§ TASK TO COMPLETE:
Print the records below word for word, beginning with the first line and ending once the line containing "The Airplane Effect" is printed.

[Records from a data collection]
○ ○ ○ ○

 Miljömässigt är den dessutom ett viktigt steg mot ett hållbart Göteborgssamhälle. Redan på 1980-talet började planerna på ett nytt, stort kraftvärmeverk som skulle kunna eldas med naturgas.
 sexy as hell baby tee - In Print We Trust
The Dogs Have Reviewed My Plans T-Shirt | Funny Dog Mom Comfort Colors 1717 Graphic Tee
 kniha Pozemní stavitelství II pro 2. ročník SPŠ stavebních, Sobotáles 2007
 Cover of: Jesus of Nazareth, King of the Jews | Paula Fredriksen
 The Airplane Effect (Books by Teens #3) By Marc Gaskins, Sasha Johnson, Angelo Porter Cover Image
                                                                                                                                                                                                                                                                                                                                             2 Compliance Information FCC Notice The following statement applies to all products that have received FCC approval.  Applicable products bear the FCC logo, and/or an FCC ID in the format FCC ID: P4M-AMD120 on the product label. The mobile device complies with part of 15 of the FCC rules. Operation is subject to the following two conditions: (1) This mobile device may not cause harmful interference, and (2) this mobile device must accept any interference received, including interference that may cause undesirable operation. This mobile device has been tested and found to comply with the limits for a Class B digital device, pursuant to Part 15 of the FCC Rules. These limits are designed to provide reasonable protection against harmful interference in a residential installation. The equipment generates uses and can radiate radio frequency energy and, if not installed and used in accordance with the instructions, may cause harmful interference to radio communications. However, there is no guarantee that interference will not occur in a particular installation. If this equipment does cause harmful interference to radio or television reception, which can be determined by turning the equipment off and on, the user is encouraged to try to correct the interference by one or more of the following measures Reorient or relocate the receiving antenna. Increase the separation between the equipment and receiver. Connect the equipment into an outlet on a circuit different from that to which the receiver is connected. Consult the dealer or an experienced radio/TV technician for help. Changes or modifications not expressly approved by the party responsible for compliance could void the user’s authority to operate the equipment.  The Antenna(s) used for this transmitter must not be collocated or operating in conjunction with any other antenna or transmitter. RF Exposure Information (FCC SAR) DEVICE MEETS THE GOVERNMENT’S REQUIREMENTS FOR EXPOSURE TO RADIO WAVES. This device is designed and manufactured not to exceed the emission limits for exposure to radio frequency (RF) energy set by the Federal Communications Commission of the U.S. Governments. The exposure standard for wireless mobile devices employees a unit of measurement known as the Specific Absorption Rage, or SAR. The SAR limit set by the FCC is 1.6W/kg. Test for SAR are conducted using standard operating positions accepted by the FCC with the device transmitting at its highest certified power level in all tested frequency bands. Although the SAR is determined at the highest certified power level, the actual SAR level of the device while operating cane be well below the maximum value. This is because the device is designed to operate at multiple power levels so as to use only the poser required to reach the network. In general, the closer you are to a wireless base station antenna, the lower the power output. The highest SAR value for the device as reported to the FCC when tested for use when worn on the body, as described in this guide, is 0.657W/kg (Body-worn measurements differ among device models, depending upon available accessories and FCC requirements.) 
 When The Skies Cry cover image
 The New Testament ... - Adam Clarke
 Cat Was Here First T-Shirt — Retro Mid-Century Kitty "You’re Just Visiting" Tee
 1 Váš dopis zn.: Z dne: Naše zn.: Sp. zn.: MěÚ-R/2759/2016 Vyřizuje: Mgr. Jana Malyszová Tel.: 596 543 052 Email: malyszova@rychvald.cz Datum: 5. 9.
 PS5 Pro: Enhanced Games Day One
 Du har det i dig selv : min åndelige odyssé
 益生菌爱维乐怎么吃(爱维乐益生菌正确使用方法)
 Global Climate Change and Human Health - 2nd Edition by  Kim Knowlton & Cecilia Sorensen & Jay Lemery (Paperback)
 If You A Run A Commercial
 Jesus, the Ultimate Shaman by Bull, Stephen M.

○ ○ ○ ○

§ ANSWER BELOW:
 Miljömässigt är den dessutom ett viktigt steg mot ett hållbart Göteborgssamhälle. Redan på 1980-talet började planerna på ett nytt, stort kraftvärmeverk som skulle kunna eldas med naturgas.
 sexy as hell baby tee - In Print We Trust
The Dogs Have Reviewed My Plans T-Shirt | Funny Dog Mom Comfort Colors 1717 Graphic Tee
 kniha Pozemní stavitelství II pro 2. ročník SPŠ stavebních, Sobotáles 2007
 Cover of: Jesus of Nazareth, King of the Jews | Paula Fredriksen
 The Airplane Effect (Books by Teens #3) By Marc Gaskins, Sasha Johnson, Angelo Porter Cover Image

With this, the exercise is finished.